The fifth edition of the OpenGL Programming Guide includes new and updated material, covering both OpenGL Versions 1.5 and 2.0:

  • Coverage of the following new core capabilities of OpenGL Version 1.5 has been added:
    • Storage of vertex arrays in buffer objects
    • Occlusion queries
    • Addition of GL_LEQUAL and GL_GEQUAL texture comparison functions for use with shadow-mapping
    • Minor token updates
  • Coverage of the following OpenGL 2.0 core features:
    • Addition of the OpenGL Shading Language for programming vertex and fragment shaders
    • Output of different color values to multiple color buffers from programmable shaders
    • Relaxation of the power-of-two size requirement for texture maps
    • Rendering of texture-mapped point sprites
    • Separate stencil operations for front- and back- facing polygons
  • Bug fixes

What You Should Know Before Reading This Guide

This guide assumes only that you know how to program in the C language and that you have some background in mathematics (geometry, trigonometry, linear algebra, calculus, and differential geometry). Even if you have little or no experience with computer graphics technology, you should be able to follow most of the discussions in this book. Of course, computer graphics is a huge subject, so you may want to enrich your learning experience with supplemental reading:

  • Computer Graphics: Principles and Practice by James D. Foley, Andries van Dam, Steven K. Feiner, and John F. Hughes (Addison-Wesley, 1990)— This book is an encyclopedic treatment of the subject of computer graphics. It includes a wealth of information but is probably best read after you have some experience with the subject.

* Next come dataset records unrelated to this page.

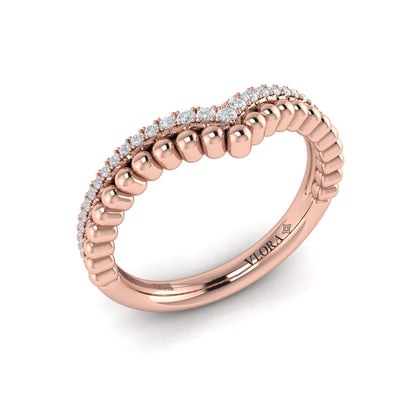 Beaded Contoured Band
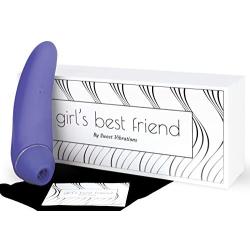 Girls Best Friend, 2-in-1 Vibrator and Realistic Oral Sex Simulator Clit Sucker with 20 Settings for Women and Couples, Powerful G-Spot Massager, Waterproof, Rechargeable, by Sweet Vibrations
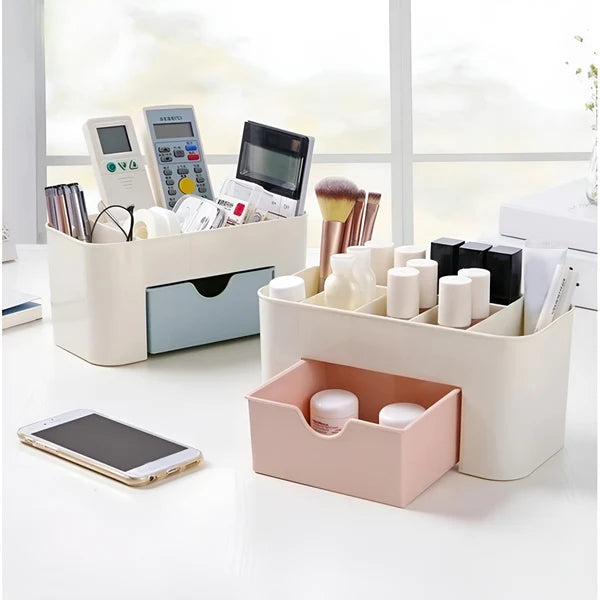 Multifunctional Cosmetic and Makeup Organizer Box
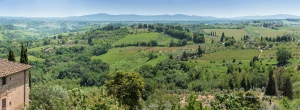 Panorama bei San Gimignano, Toskana, Italien, Urlaub, Chianti, Region Siena, Landschaft, Landschaftsfotografie, Foto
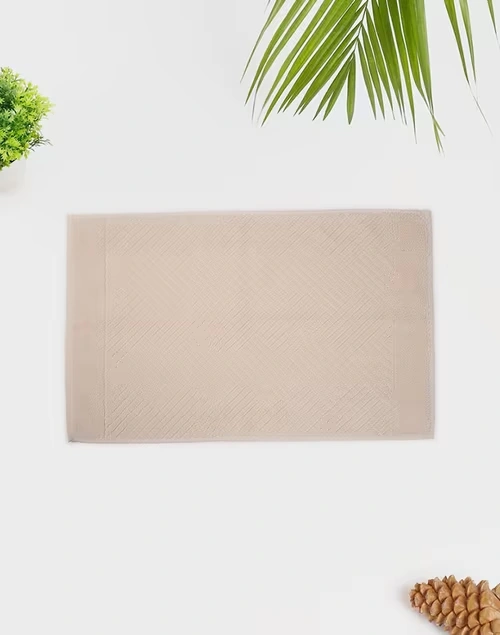 Offwhite Cotton Woven Towel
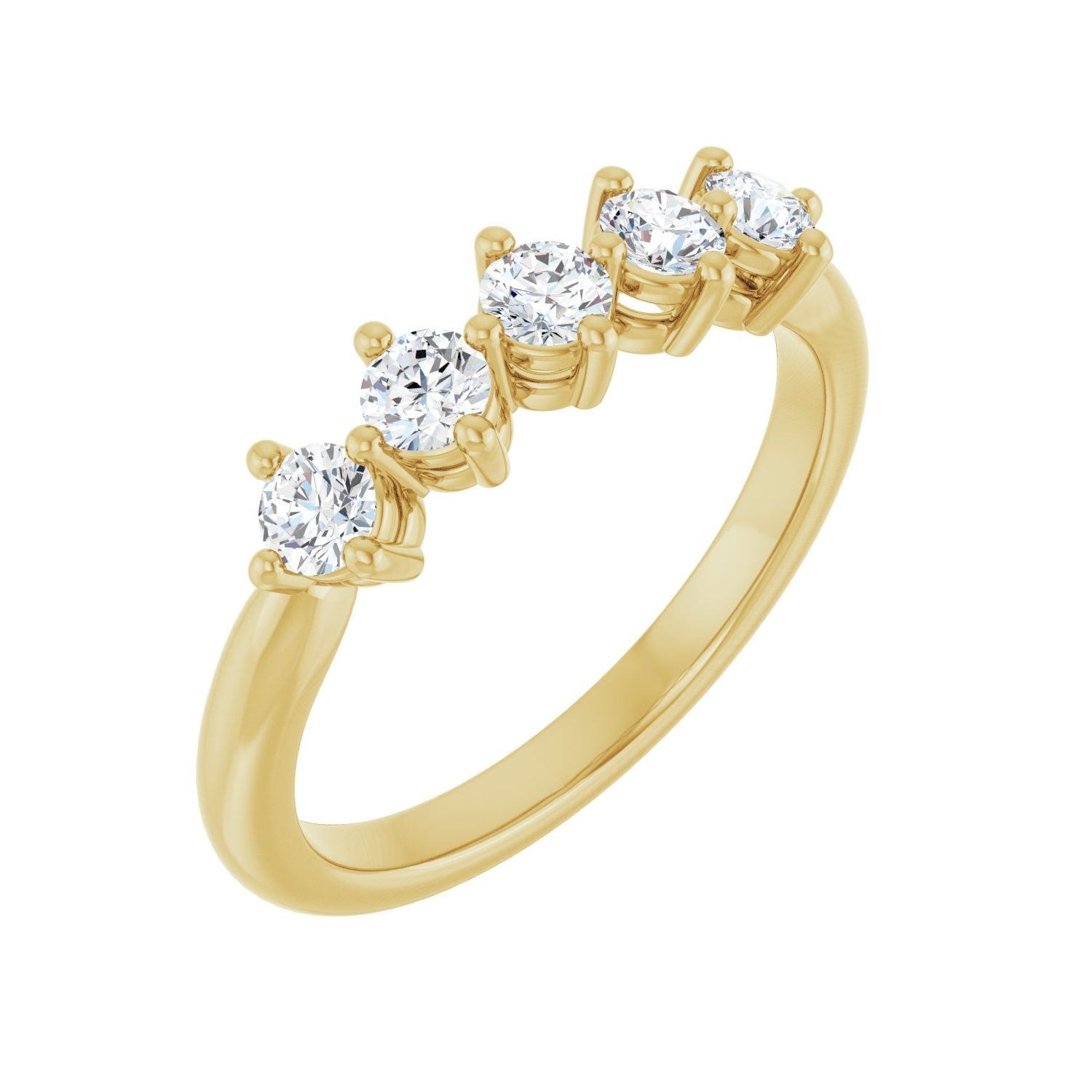 Margot — Round · 3 mm · 1/2 ctw, yellow gold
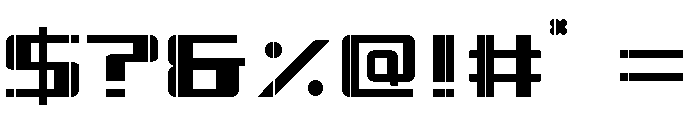 Forctis Regular Font OTHER CHARS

  • 3D Computer Graphics by Andrew S. Glassner (The Lyons Press, 1994)— This book is a nontechnical, gentle introduction to computer graphics. It focuses on the visual effects that can be achieved, rather than on the techniques needed to achieve them.

Another great place for all sorts of general information is the Official OpenGL Web Site. This Web site contains software, documentation, FAQs, and news. It is always a good place to start any search for answers to your OpenGL questions:

http://www.opengl.org/

Once you begin programming with OpenGL, you might want to obtain the OpenGL Reference Manual by the OpenGL Architecture Review Board (also published by Addison-Wesley), which is designed as a companion volume to this guide. The Reference Manual provides a technical view of how OpenGL operates on data that describes a geometric object or an image to produce an image on the screen. It also contains full descriptions of each set of related OpenGL commands—the parameters used by the commands, the default values for those parameters, and what the commands accomplish. Many OpenGL implementations have this same material online, in the form of manual pages or other help documents, which are probably more up-to-date. Ther...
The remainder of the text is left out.